Una de las claves para poder entender el 23-F se encuentra en el análisis de los “móviles” del crimen contra el pueblo. La conflagración de 1981 pretendía solucionar varios conflictos. El primer móvil era defender la unidad de la patria. Los militares involucionistas reaccionaban contra las acciones de ETA. Y esto, teniendo en cuenta que la actividad terrorista no tenía una intensidad particular los meses precedentes al 23-F, o que por lo menos no era superior a la de períodos anteriores. Más bien la novedad era la actitud de las fuerzas de seguridad: el 13 de febrero de 1981, por primera vez tras la muerte de Franco, un detenido político, Joseba Arregui, había sido torturado hasta la muerte por la Policía. De todos modos, la amenaza golpista era una cosa que siempre estaba presente desde el comienzo de la Transición. En 1978 los servicios de seguridad del Estado ya habían abortado la “Operación Galaxia“, llamada así porque los conjurados se reunían en una cafetería con este nombre, montada por el mismo teniente coronel Tejero y por el capitán Sáenz de Ynestrillas.

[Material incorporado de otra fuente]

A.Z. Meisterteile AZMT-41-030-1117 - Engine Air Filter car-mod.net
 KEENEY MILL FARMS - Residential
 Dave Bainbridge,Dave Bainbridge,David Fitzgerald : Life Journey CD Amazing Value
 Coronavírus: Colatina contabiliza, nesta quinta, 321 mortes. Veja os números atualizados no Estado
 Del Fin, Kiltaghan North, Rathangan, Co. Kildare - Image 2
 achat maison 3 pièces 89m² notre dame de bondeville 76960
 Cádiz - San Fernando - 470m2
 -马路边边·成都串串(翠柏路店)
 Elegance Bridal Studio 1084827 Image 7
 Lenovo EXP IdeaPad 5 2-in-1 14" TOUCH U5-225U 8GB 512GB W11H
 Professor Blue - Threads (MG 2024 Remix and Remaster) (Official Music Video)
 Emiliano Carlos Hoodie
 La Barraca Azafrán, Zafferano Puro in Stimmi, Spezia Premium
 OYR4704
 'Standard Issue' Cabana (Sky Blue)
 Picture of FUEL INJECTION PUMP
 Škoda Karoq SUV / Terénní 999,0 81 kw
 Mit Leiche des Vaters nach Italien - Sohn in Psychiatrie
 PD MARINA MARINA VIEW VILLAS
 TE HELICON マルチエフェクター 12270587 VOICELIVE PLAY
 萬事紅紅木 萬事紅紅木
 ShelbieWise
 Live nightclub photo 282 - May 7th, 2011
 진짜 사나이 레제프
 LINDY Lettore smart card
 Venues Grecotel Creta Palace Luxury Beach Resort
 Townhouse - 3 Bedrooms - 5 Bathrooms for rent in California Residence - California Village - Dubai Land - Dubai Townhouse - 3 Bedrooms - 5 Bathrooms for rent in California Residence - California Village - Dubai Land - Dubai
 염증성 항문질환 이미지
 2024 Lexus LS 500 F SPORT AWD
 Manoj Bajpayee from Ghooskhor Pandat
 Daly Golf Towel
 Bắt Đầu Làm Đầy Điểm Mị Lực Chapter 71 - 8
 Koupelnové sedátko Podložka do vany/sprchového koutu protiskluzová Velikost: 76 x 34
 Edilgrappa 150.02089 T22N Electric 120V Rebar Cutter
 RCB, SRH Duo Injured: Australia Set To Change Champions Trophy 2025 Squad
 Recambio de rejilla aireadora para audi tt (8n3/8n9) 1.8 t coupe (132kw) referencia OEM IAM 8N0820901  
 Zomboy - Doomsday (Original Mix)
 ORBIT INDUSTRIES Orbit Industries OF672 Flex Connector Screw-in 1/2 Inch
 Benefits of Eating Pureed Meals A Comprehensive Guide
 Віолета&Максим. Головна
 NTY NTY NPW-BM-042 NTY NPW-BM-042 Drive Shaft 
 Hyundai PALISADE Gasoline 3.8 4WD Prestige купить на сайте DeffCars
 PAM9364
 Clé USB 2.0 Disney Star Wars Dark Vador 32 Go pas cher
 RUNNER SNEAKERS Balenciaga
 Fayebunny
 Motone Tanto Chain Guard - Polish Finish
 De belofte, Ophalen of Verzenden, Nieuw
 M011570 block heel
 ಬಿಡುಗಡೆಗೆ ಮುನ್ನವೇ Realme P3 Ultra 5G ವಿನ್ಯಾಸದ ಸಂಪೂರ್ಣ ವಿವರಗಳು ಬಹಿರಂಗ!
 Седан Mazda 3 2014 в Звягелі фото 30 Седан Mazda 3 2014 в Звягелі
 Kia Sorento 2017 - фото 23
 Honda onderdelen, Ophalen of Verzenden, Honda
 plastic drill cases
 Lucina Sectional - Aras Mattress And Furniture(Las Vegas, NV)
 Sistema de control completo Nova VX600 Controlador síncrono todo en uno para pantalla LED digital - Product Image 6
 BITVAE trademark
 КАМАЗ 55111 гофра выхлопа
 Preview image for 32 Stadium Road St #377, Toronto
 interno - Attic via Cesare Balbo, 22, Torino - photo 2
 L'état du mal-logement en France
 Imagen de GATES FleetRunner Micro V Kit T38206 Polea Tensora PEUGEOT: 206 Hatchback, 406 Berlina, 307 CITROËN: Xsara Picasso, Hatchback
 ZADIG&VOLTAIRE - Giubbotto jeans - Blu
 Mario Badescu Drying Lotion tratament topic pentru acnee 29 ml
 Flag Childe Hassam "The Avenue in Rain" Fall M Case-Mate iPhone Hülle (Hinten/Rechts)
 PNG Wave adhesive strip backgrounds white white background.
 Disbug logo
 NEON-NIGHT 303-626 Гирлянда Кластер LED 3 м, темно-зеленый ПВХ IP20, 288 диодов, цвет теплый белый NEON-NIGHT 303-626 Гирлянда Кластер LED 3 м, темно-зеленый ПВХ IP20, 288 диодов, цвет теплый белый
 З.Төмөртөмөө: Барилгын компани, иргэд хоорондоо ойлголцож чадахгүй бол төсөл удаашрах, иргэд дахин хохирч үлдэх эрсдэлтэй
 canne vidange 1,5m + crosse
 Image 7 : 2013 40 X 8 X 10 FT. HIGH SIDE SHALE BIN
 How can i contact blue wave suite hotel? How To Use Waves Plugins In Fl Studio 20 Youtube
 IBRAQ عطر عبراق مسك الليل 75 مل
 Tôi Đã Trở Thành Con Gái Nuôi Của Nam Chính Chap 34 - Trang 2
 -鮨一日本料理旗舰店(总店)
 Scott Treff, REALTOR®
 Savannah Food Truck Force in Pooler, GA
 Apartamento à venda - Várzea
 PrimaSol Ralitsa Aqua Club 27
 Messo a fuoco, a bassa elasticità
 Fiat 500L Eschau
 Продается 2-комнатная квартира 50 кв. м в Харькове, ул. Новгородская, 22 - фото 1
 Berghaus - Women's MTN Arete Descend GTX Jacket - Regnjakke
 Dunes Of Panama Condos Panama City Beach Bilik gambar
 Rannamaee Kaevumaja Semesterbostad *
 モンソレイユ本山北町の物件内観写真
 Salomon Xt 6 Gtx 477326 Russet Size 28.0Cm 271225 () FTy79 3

Otra de las motivaciones del golpe de Estado era el “malestar” de algunos mandos de las Fuerzas Armadas por la política de ascensos y castigos que el Gobierno Suárez había iniciado. A mediados de abril de 1979 había puesto a un hombre de su confianza, José Gabeiras, en el cargo de jefe del Estado Mayor del Ejército, en un ascenso irregular de general de división a teniente general, con lo cual se saltaba los candidatos lógicos por antigüedad, uno de los cuales era precisamente Jaime Milans del Bosch, uno de los conjurados del 23-F. Era el segundo agravio, porque Milans ya había sido trasladado, en octubre de 1977, de la División Acorazada Brunete de Madrid a la Capitanía de la III Región Militar, con sede en Valencia. El general Luis Torres Rojas, otro de los conjurados, también había sido desplazado recientemente, en La Coruña, en enero de 1980, cuando presidía la Brunete, cargo en que fue sustituido por el general José Justo Fernández, impuesto por Gutiérrez Mellado. Y Armada, el “brazo político” del golpe, había sido enviado a Lleida después de que Suárez, como se sabe, forzara su cese, en octubre de 1977, como secretario de la Casa Real. Todos se la tenían jurada.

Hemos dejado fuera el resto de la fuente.